A computer forensic examiner looks for evidence on hard drives at the Dept. of Defense Cyber Crime Center in Linthicum, Md., Aug. 11, 2011. Hackers and hostile states are launching increasingly sophisticated cyberattacks against U.S. defense contractors.
"How China Steals Our Secrets"
Op-Ed, The New York Times
April 2, 2012
Author: Richard Clarke, Faculty Affiliate, Project on Technology, Security, and Conflict in the Cyber Age
FOR the last two months, senior government officials and private-sector experts have paraded before Congress and described in alarming terms a silent threat: cyberattacks carried out by foreign governments. Robert S. Mueller III, the director of the F.B.I., said cyberattacks would soon replace terrorism as the agency's No. 1 concern as foreign hackers, particularly from China, penetrate American firms' computers and steal huge amounts of valuable data and intellectual property.

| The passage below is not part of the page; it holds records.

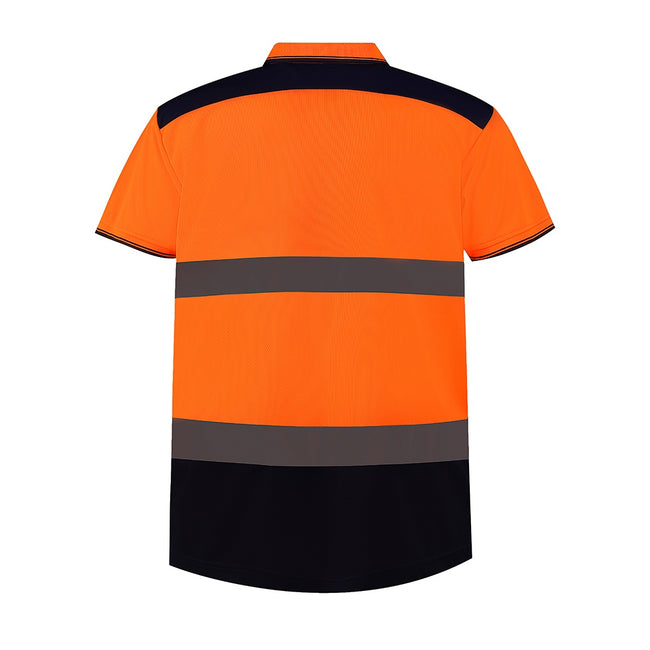Orange-Navy - Back - Yoko Adults Unisex Two Tone Short Sleeve Polo Shirt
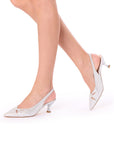 Tegan Kitten Slingback Heels | Paradox London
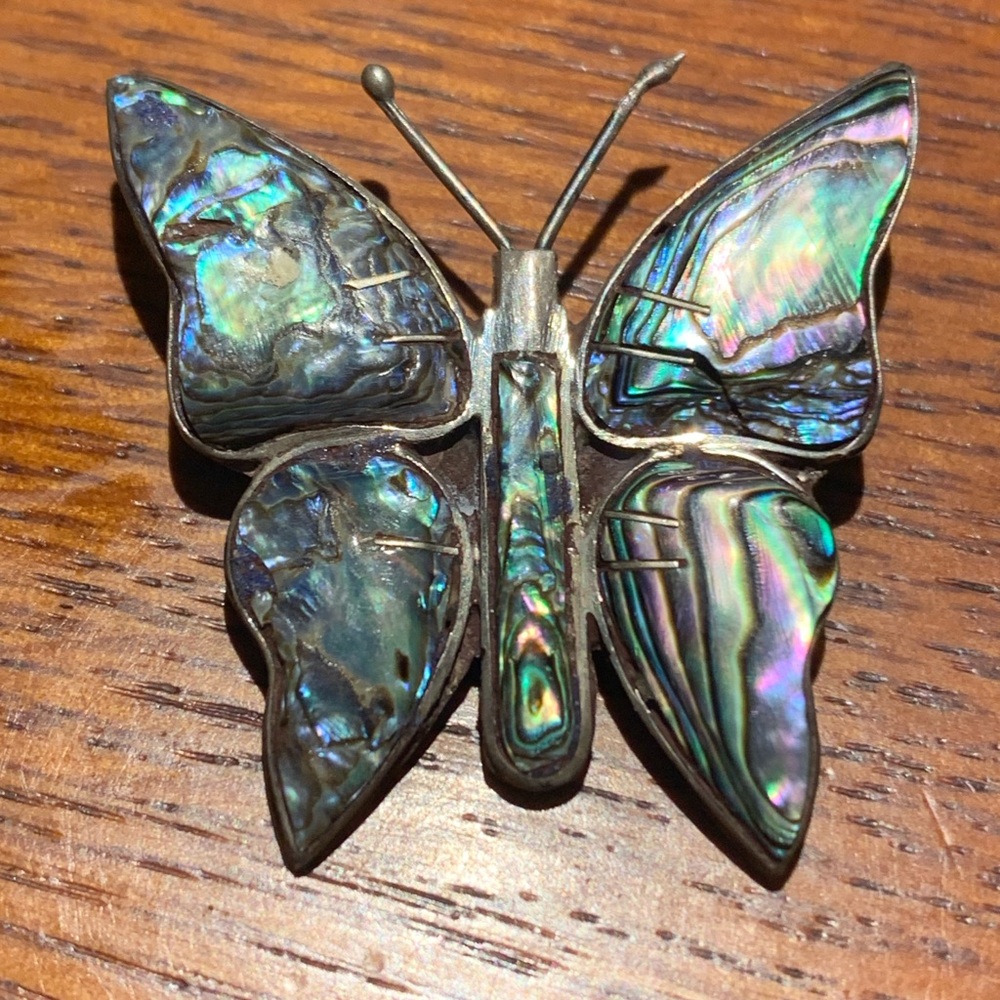 Vintage Abalone Butterfly Brooch Pin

It's not hard to imagine what happens when an American company pays for research and a Chinese firm gets the results free; it destroys our competitive edge. Shawn Henry, who retired last Friday as the executive assistant director of the F.B.I. (and its lead agent on cybercrime), told Congress last week of an American company that had all of its data from a 10-year, $1 billion research program copied by hackers in one night. Gen. Keith B. Alexander, head of the military's Cyber Command, called the continuing, rampant cybertheft "the greatest transfer of wealth in history."
Yet the same Congress that has heard all of this disturbing testimony is mired in disagreements about a proposed cybersecurity bill that does little to address the problem of Chinese cyberespionage. The bill, which would establish noncompulsory industry cybersecurity standards, is bogged down in ideological disputes. Senator John McCain, who dismissed it as a form of unnecessary regulation, has proposed an alternative bill that fails to address the inadequate cyberdefenses of companies running the nation's critical infrastructure. Since Congress appears unable and unwilling to address the threat, the executive branch must do something to stop it.

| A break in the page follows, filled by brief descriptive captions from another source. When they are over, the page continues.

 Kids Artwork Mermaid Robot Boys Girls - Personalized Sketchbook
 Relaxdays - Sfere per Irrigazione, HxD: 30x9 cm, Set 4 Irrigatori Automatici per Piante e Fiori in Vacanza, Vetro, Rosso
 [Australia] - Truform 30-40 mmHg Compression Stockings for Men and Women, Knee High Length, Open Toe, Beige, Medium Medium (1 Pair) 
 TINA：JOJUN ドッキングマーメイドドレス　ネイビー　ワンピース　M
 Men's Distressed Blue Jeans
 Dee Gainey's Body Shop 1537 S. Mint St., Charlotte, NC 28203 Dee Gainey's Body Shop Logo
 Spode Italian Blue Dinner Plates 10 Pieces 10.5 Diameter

In the past, F.B.I. agents parked outside banks they thought were likely to be robbed and then grabbed the robbers and the loot as they left. Catching the robbers in cyberspace is not as easy, but snatching the loot is possible.

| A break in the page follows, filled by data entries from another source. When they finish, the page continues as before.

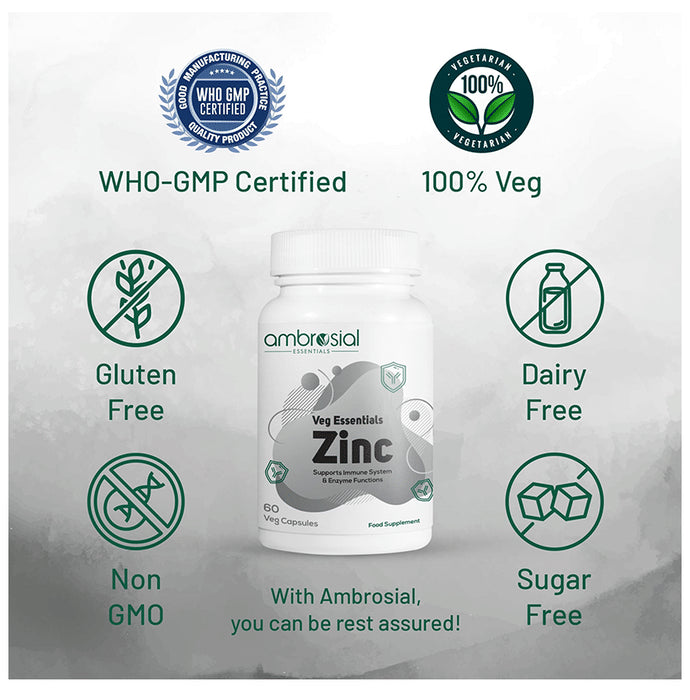 Ambrosial Veg Essentials Zinc Veg Capsule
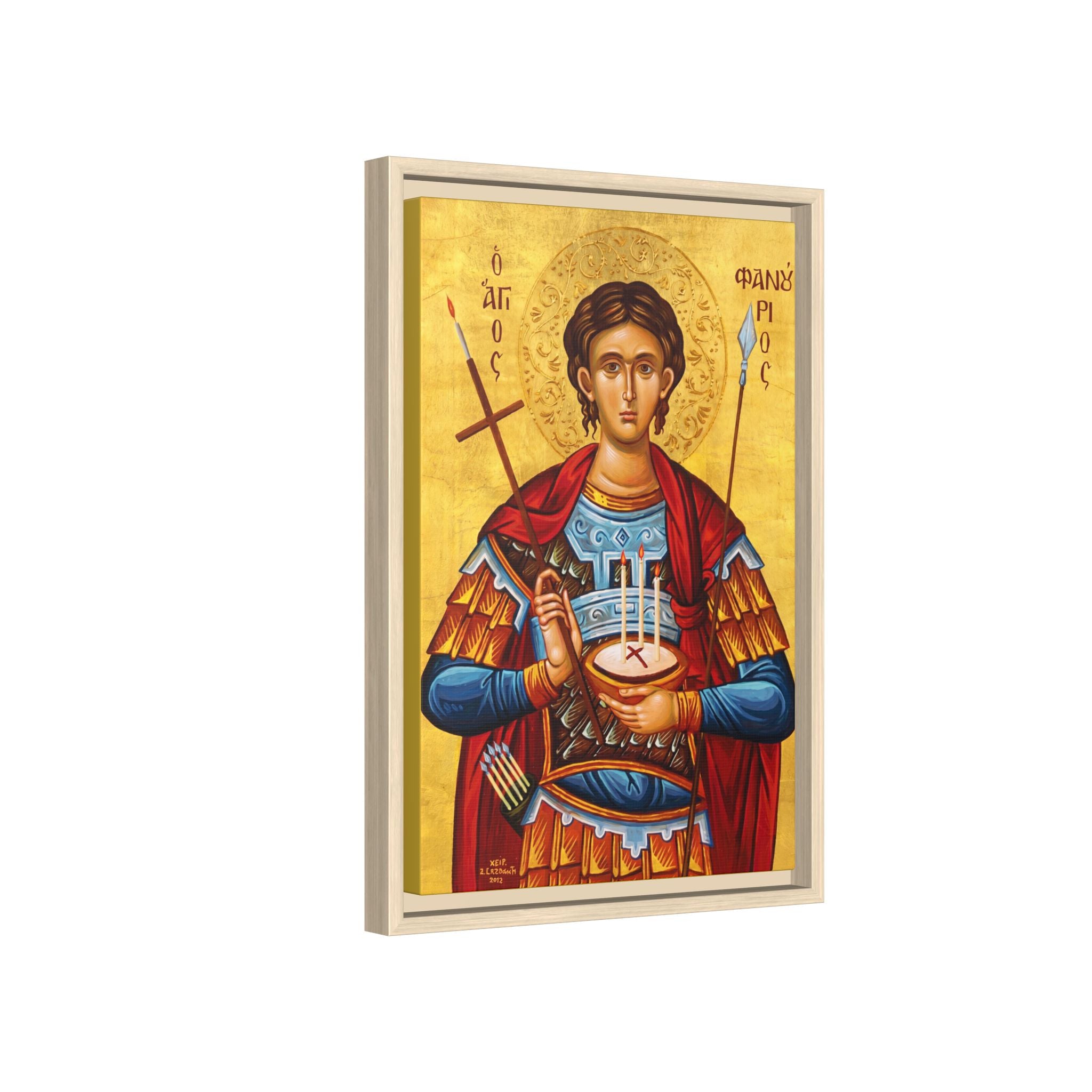 Framed canvas icon of Saint Mercurius the Great Martyr, traditional Orthodox Christian artwork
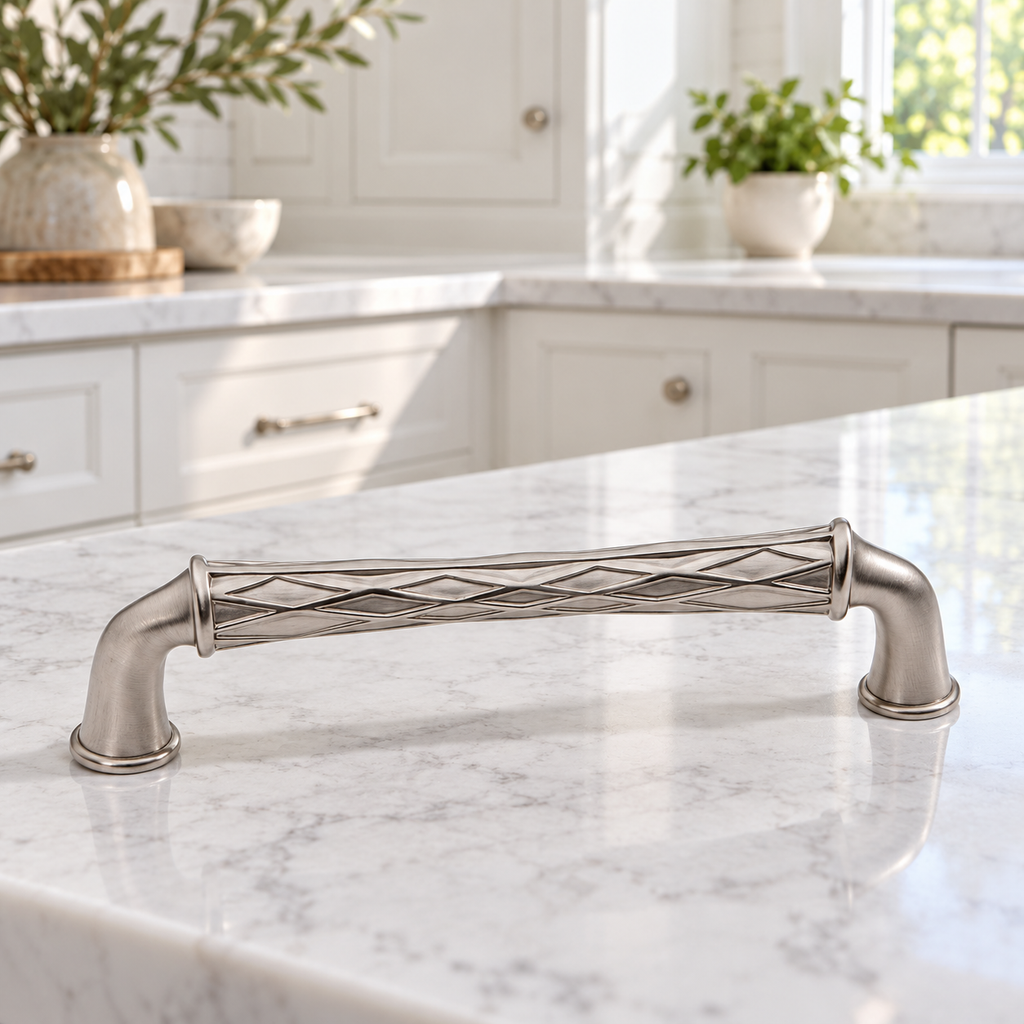 AI lifestyle illustration: One Baldwin Couture4377.150 Satin Nickel cabinet pull on a kitchen island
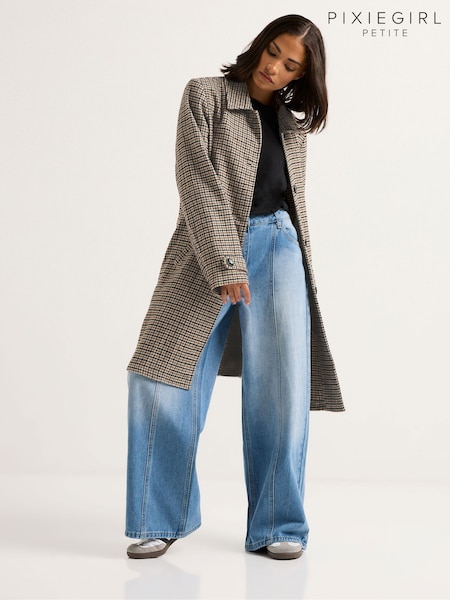 PixieGirl Petite Brown Checked Midi Coat (H77058) | £55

General Alexander testified last week that his organization saw an inbound attack that aimed to steal sensitive files from an American arms manufacturer. The Pentagon warned the company, which had to act on its own. The government did not directly intervene to stop the attack because no federal agency believes it currently has the authority or mission to do so.
If given the proper authorization, the United States government could stop files in the process of being stolen from getting to the Chinese hackers. If government agencies were authorized to create a major program to grab stolen data leaving the country, they could drastically reduce today's wholesale theft of American corporate secrets.
Many companies do not even know when they have been hacked. According to Congressional testimony last week, 94 percent of companies served by the computer-security firm Mandiant were unaware that they had been victimized. And although the Securities and Exchange Commission has urged companies to reveal when they have been victims of cyberespionage, most do not. Some, including Sony, Citibank, Lockheed, Booz Allen, Google, EMC and the Nasdaq have admitted to being victims. The government-owned National Laboratories and federally funded research centers have also been penetrated.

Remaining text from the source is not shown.